Exercise — Print the listing below word for word, but drop any pictures it contains.
** Opening Supplied material block **
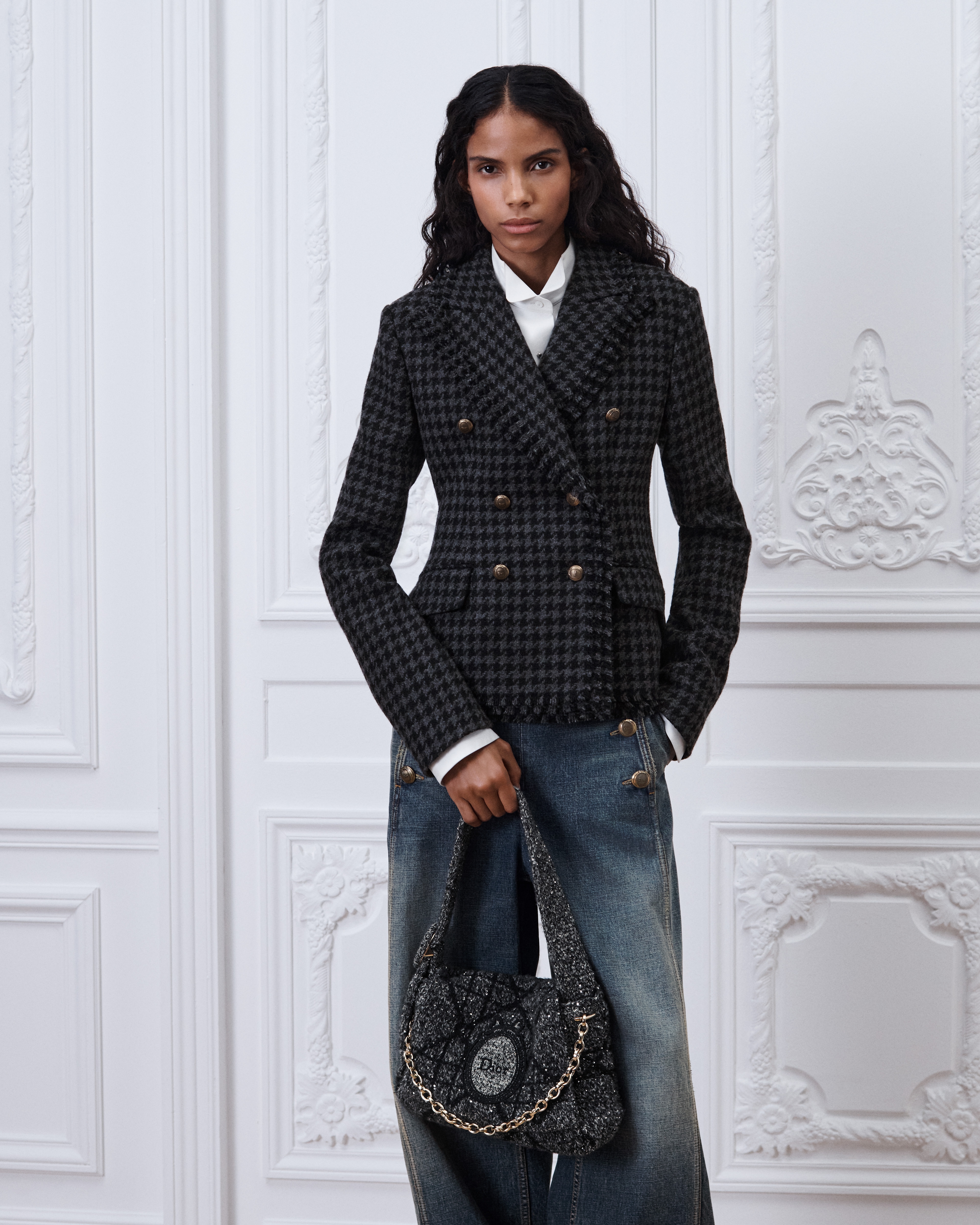 Small Dior Médaillon Messenger Flap Bag Gray and Black Sequin-Embroidered Macrocannage Wool Knit and Dior Médaillon E04
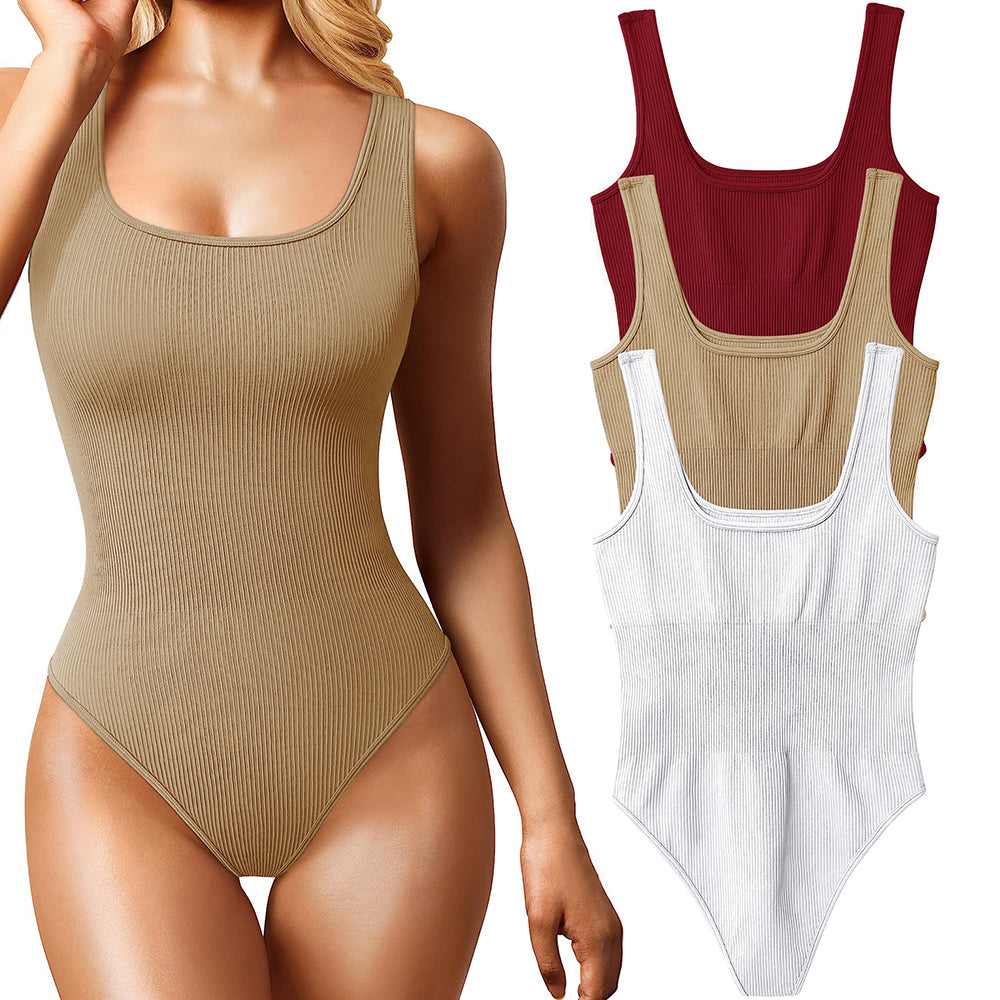 Women's 3 Piece Bodysuits Sexy Ribbed Sleeveless Square Neck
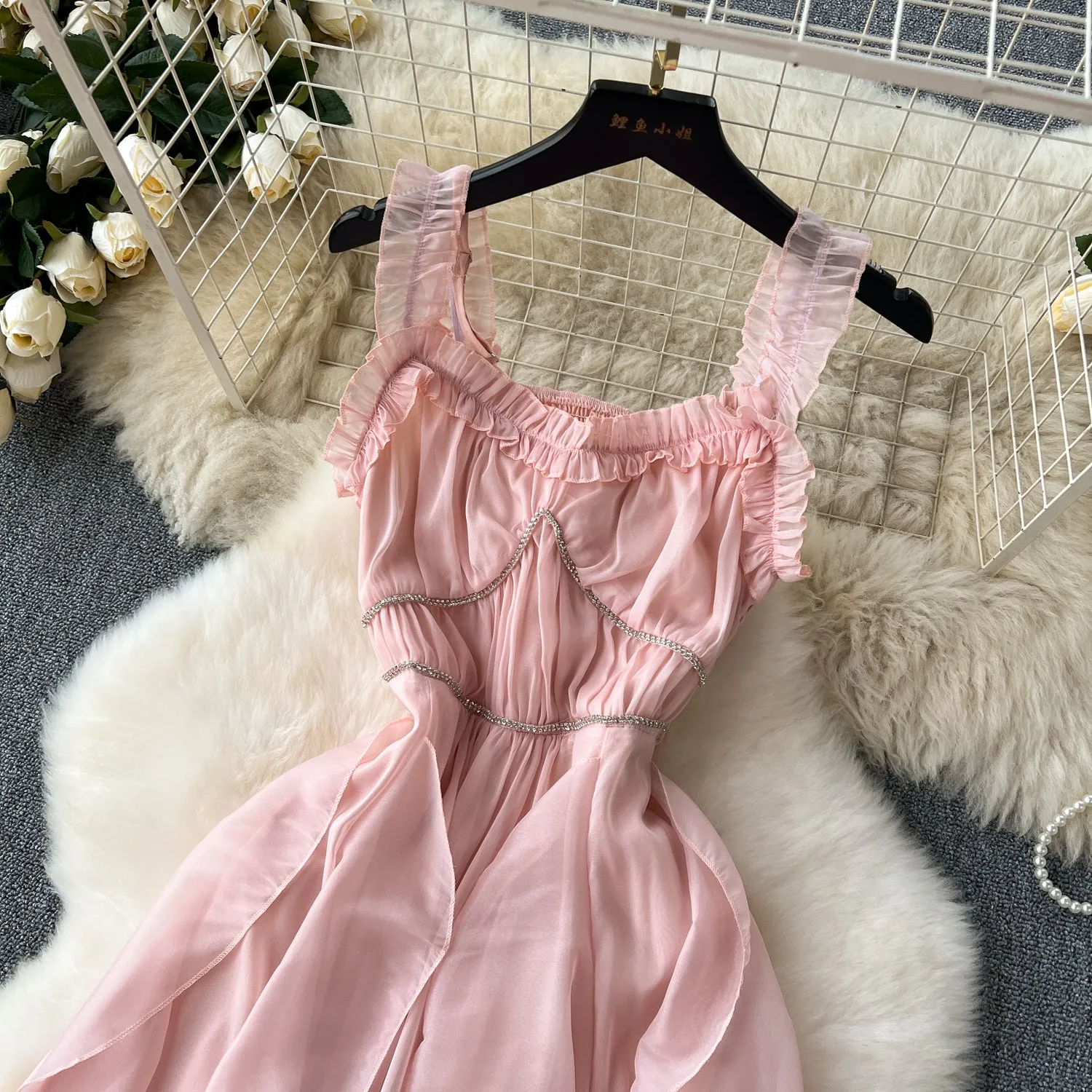 Fairy Beaded Pink Ruffled Dress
** Closing Supplied material block **
Written solution —
 Small Dior Médaillon Messenger Flap Bag Gray and Black Sequin-Embroidered Macrocannage Wool Knit and Dior Médaillon E04
 Women's 3 Piece Bodysuits Sexy Ribbed Sleeveless Square Neck
 Fairy Beaded Pink Ruffled Dress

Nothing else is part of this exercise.